O PT é o alicerce sobre o qual se ergue a rede de relações sociais que propicia a ascensão da nova elite política. É por meio do partido, com sua hierarquia e suas correntes internas, que se processam as indicações para os cargos públicos e se tecem as conexões com o mundo empresarial. No partido se concentram as expectativas de carreira, renda, poder, prestígio e patrimônio. Não se rompe com o partido, nem mesmo depois da expulsão, como atesta o caso de Delúbio Soares. Em contrapartida, o partido vela pelos seus na hora da desgraça, oferecendo-lhes demonstrações de solidariedade e legenda eleitoral ou pelo menos advogados e ajuda financeira oculta, como atestam os casos de José Dirceu, José Genoino e Silvio Pereira.

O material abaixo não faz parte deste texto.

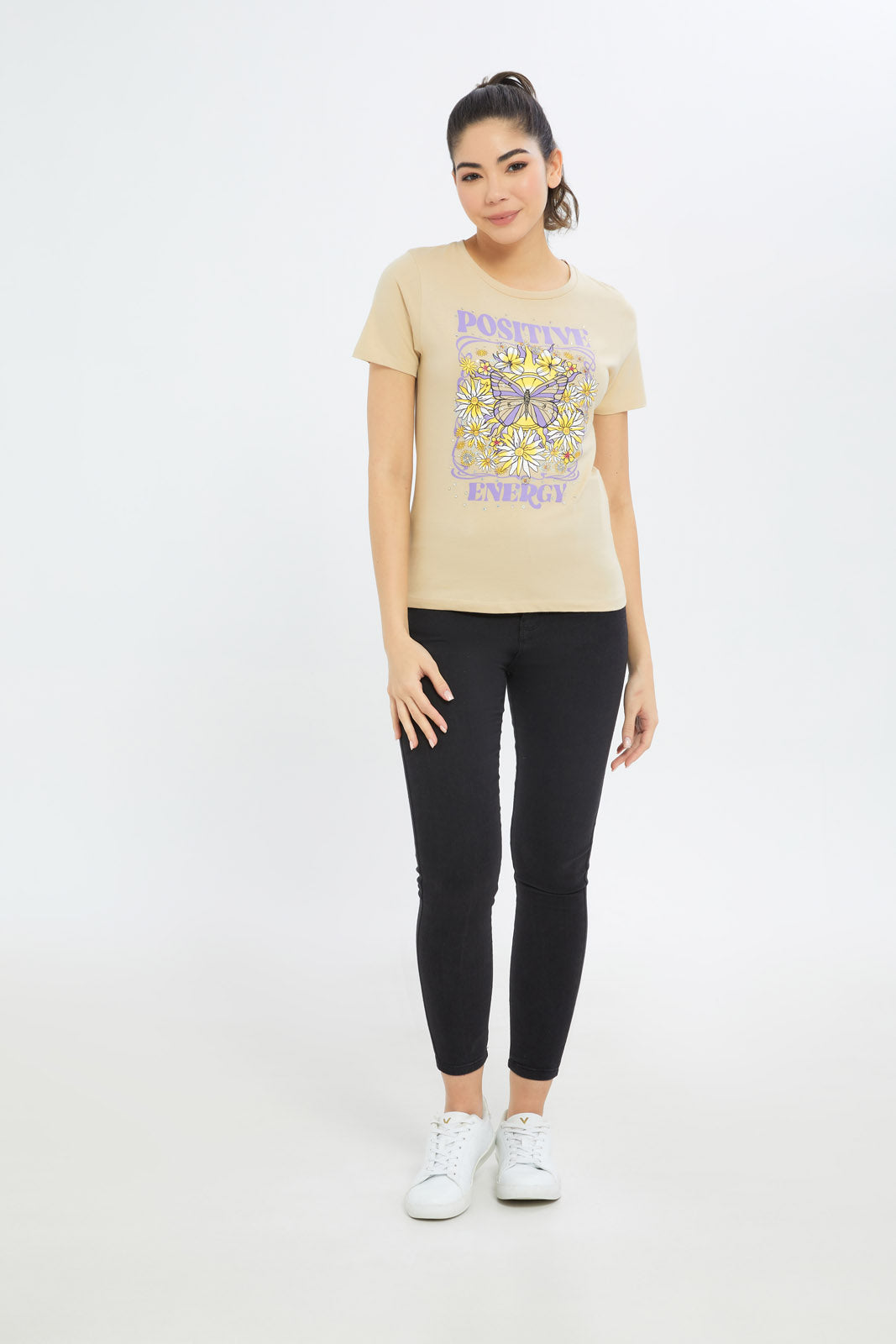 Redtag-Women-Cream-Retro-Embellished-T-Shirt-Category:T-Shirts,-Colour:Cream,-Deals:New-In,-Filter:Women's-Clothing,-H1:LWR,-H2:LAD,-H3:TSH,-H4:CAT,-New-In-Women-APL,-Non-Sale,-Promo:TBL,-S23C,-Season:S23C,-Section:Women,-TBL,-Women-T-Shirts-Women's-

A denúncia oferecida pelo procurador-geral da República, Antonio Fernando de Sousa, ao Supremo Tribunal Federal (STF) tem relevância histórica, pois é a primeira peça judicial que desvenda o novo padrão de corrupção política engendrado por essa elite. As redes de corrupção tradicionais operam ao redor de uma camarilha política informal, que controla um segmento do aparelho de Estado. A rede do “mensalão” operou sob a égide de uma máquina partidária centralizada, dirigida a partir do âmago do Poder Executivo e ramificada em diversos órgãos públicos e empresas estatais. A operação não estava a serviço do enriquecimento imediato de um grupo de pessoas, mas da consolidação e reprodução futura da nova elite - como, usando outras palavras, constatou Delúbio Soares em sua defesa diante da direção do PT, na hora da expulsão inevitável.

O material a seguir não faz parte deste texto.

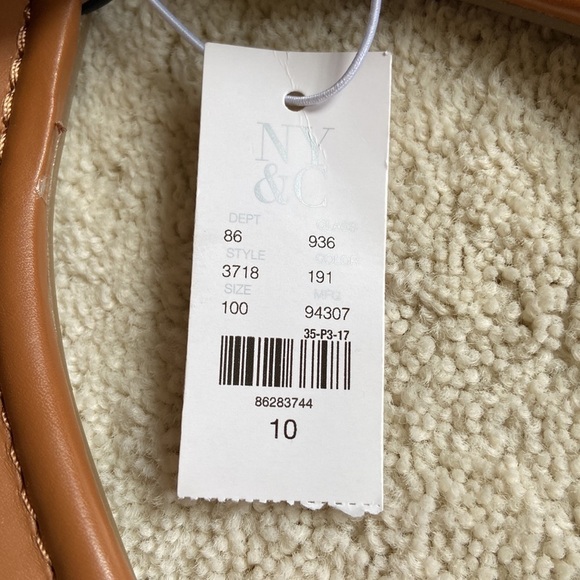 🐍 𝅺NYC New York and Company Faux Snakeskin Slide Sandals Tan Size 10 NWT - Picture 8 of 10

O plenário do STF deliberará, nos próximos dias, sobre a abertura da ação penal. Juridicamente, o que está em jogo é a conversão em réus de 40 indivíduos, entre eles algumas figuras que conservam acesso amplo ao núcleo do governo. Mas, no plano político, começam a ser definidas as regras do jogo da “circulação das elites” no Brasil. Os juízes do maior tribunal podem fazer História. Ou, alternativamente, reduzir o Judiciário à condição de Poder subordinado.